**Your goal**
Every line from the one with "Numéros de Kiwi" up to and including the one with "Sideboard mit Schubladen" is to be output exactly as it appears below; pictures are not.

**Exercise materials**
============================================================
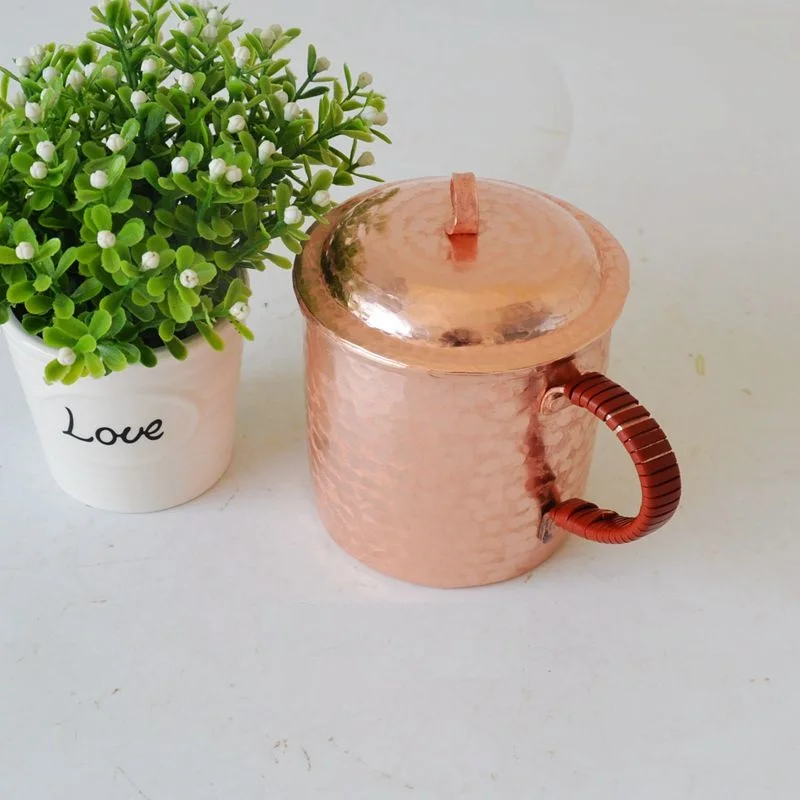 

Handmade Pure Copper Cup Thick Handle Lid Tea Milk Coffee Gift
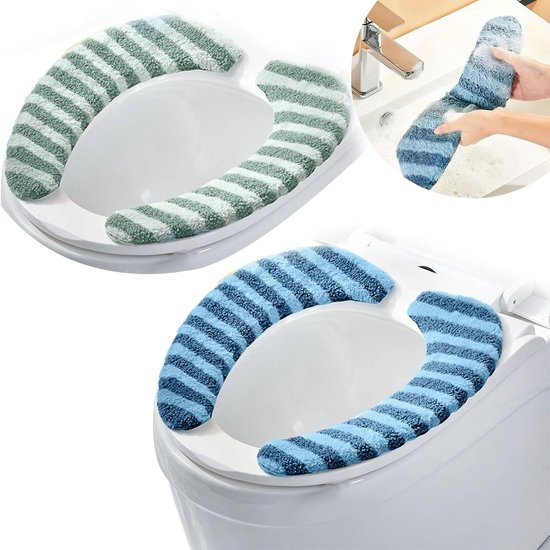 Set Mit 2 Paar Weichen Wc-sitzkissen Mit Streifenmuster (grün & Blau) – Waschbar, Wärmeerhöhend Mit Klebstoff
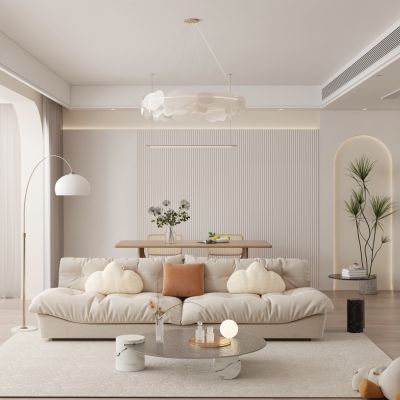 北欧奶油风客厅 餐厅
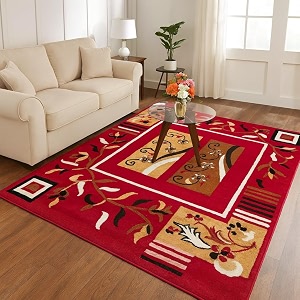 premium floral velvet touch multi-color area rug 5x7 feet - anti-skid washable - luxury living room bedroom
============================================================
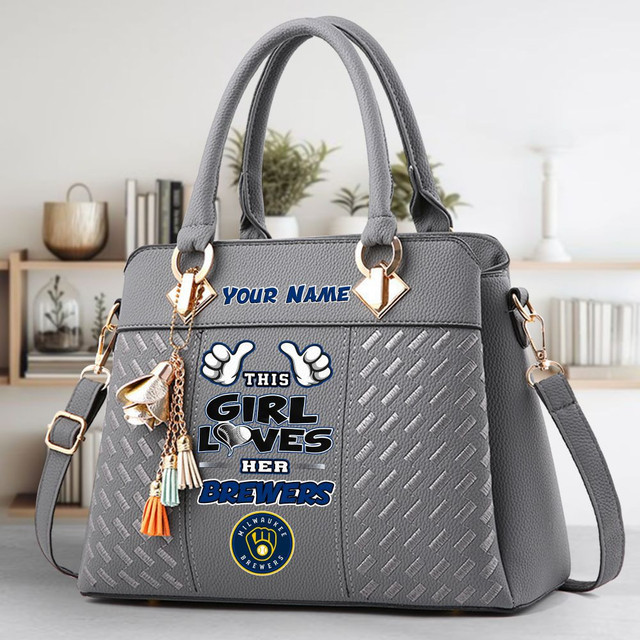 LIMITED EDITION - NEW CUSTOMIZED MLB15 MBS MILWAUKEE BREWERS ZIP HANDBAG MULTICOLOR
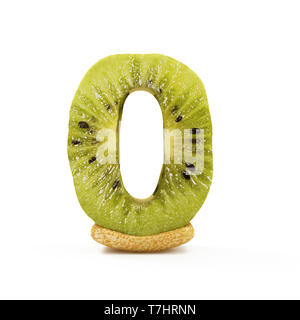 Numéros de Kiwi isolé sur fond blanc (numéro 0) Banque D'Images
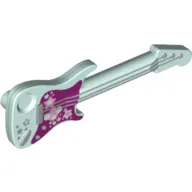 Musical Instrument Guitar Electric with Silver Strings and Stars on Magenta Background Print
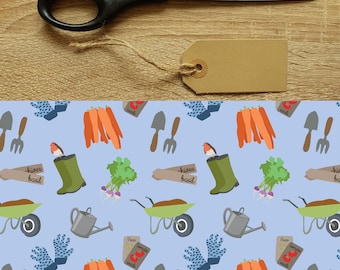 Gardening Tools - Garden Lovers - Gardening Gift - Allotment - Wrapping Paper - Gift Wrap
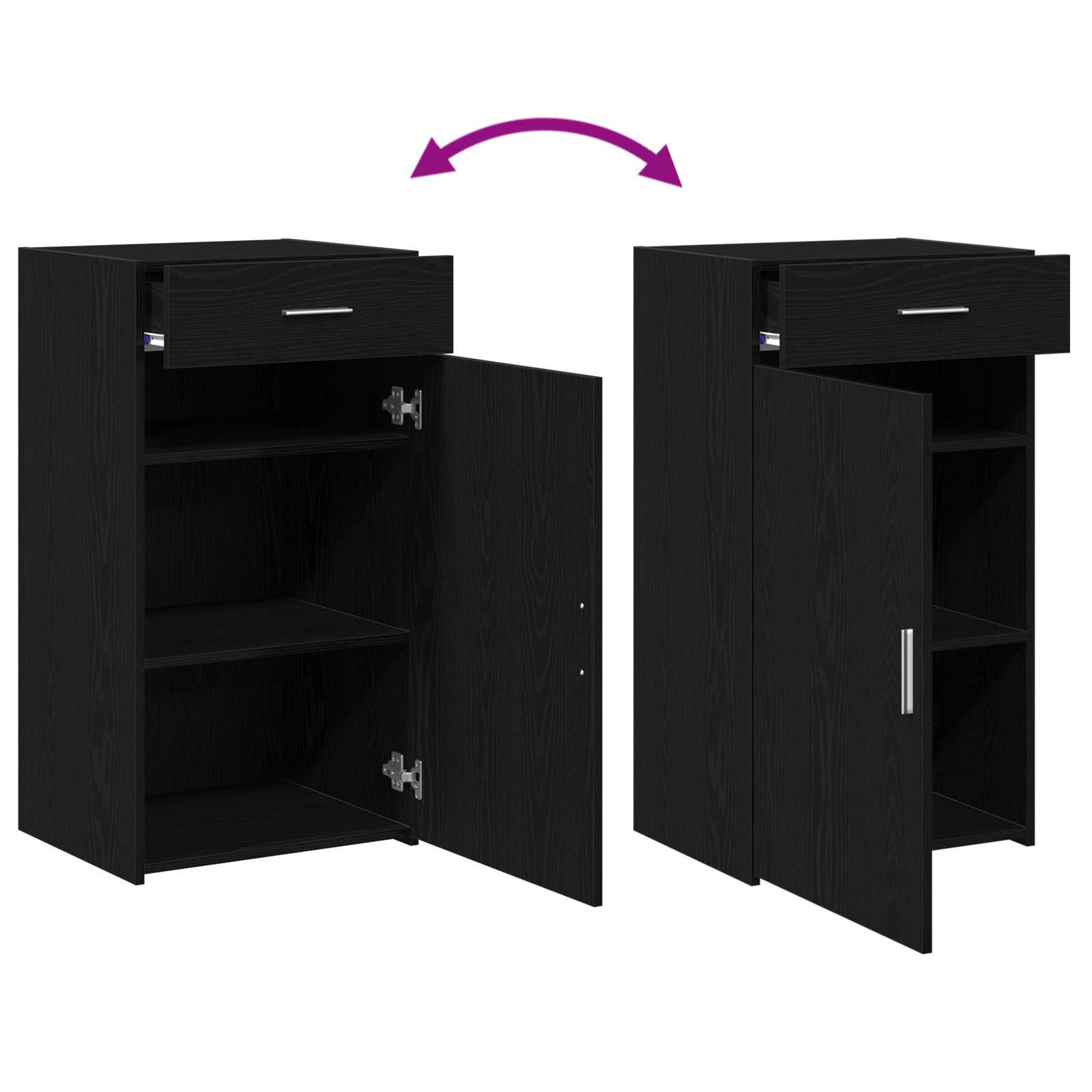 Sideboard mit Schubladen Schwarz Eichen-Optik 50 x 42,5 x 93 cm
============================================================
**Task answer**
 Numéros de Kiwi isolé sur fond blanc (numéro 0) Banque D'Images
 Musical Instrument Guitar Electric with Silver Strings and Stars on Magenta Background Print
 Gardening Tools - Garden Lovers - Gardening Gift - Allotment - Wrapping Paper - Gift Wrap
 Sideboard mit Schubladen Schwarz Eichen-Optik 50 x 42,5 x 93 cm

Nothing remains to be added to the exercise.